---------- Supplied records
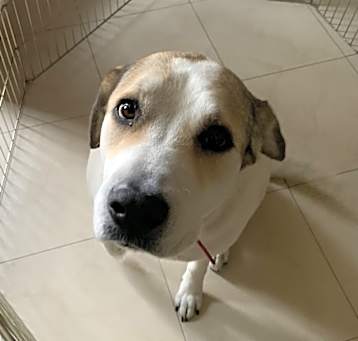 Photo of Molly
--------------------
---------- Supplied records
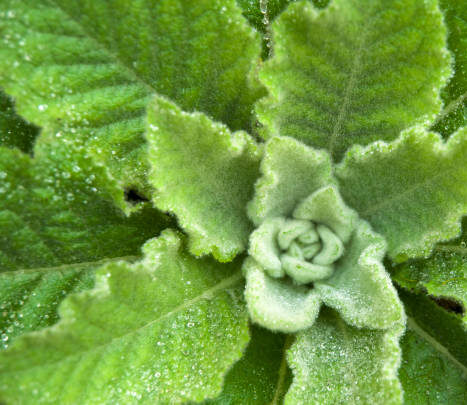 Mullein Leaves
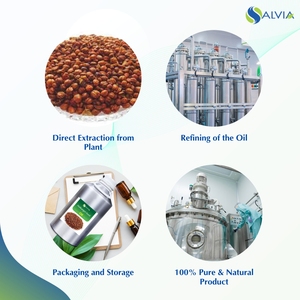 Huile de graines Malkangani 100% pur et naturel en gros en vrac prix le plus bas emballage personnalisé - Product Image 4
--------------------
---------- Supplied records
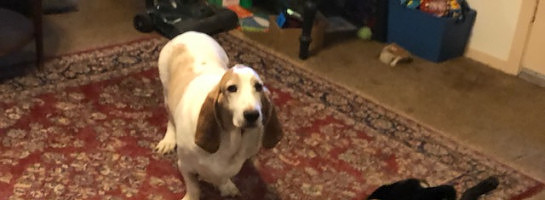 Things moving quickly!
--------------------
▶ [The task] Only the lines above starting with the line with "Mullein Leaves" and going on through the line with "Huile de graines" belong in the answer; repeat them exactly, minus any picture.

▶ [Task answer]
 Mullein Leaves
 Huile de graines Malkangani 100% pur et naturel en gros en vrac prix le plus bas emballage personnalisé - Product Image 4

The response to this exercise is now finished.